→ Assignment
Write out the entire listing below exactly, with the pictures left out.

→ Materials provided
================

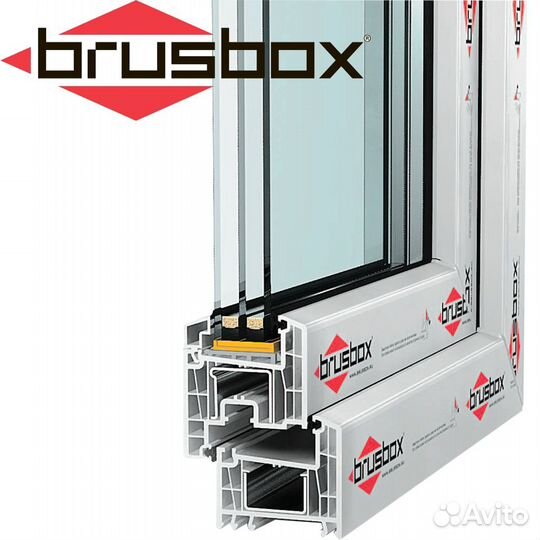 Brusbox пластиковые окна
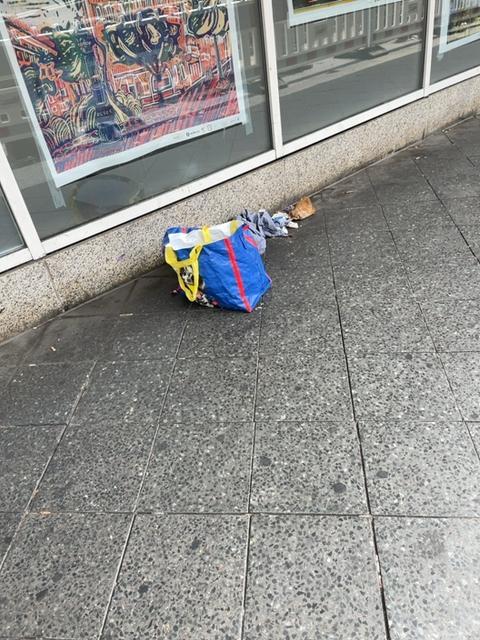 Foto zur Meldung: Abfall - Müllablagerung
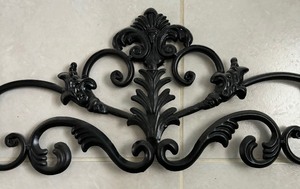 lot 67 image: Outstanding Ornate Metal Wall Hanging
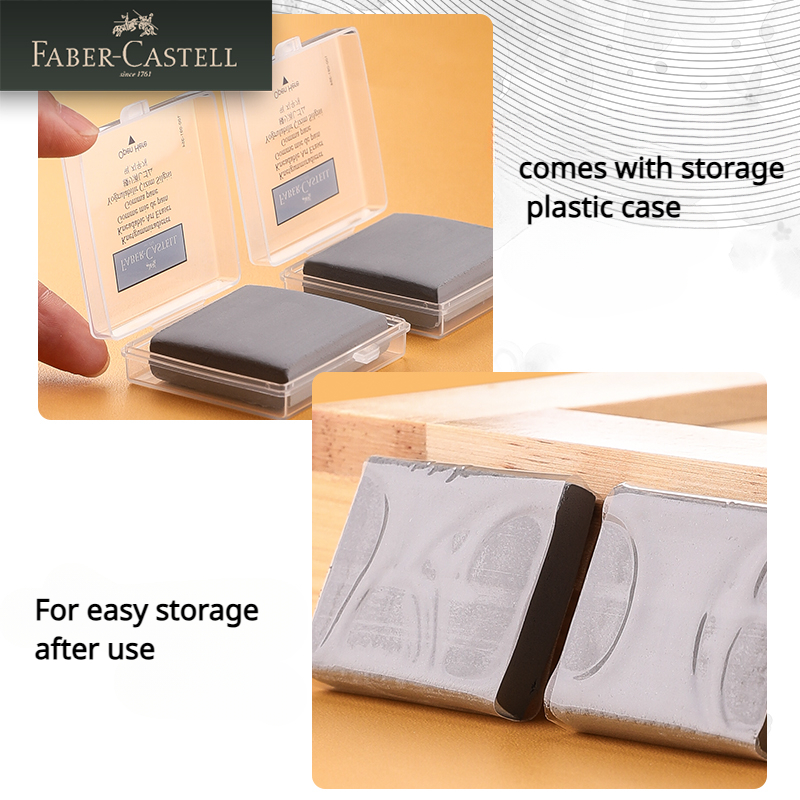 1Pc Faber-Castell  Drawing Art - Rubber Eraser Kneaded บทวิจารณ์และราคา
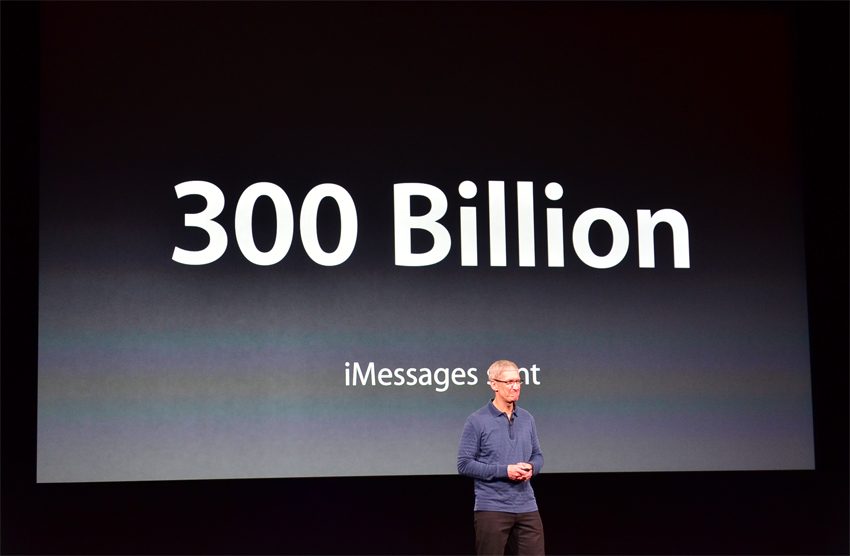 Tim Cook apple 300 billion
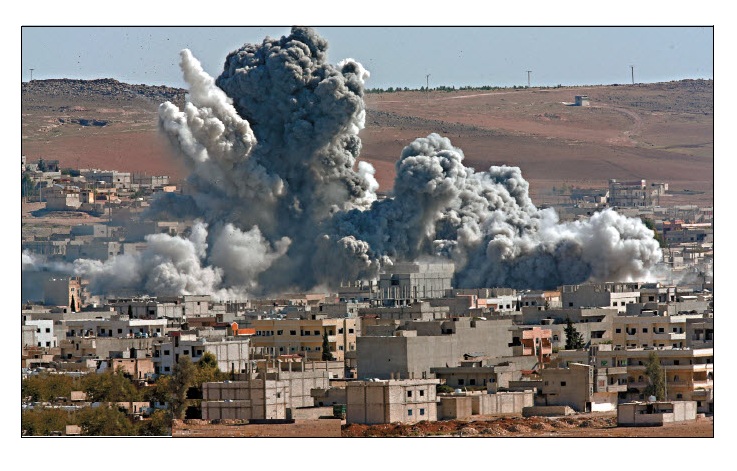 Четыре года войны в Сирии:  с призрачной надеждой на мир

================

→ Answer to the problem
 Brusbox пластиковые окна
 Foto zur Meldung: Abfall - Müllablagerung
 lot 67 image: Outstanding Ornate Metal Wall Hanging
 1Pc Faber-Castell  Drawing Art - Rubber Eraser Kneaded บทวิจารณ์และราคา
 Tim Cook apple 300 billion
 Четыре года войны в Сирии:  с призрачной надеждой на мир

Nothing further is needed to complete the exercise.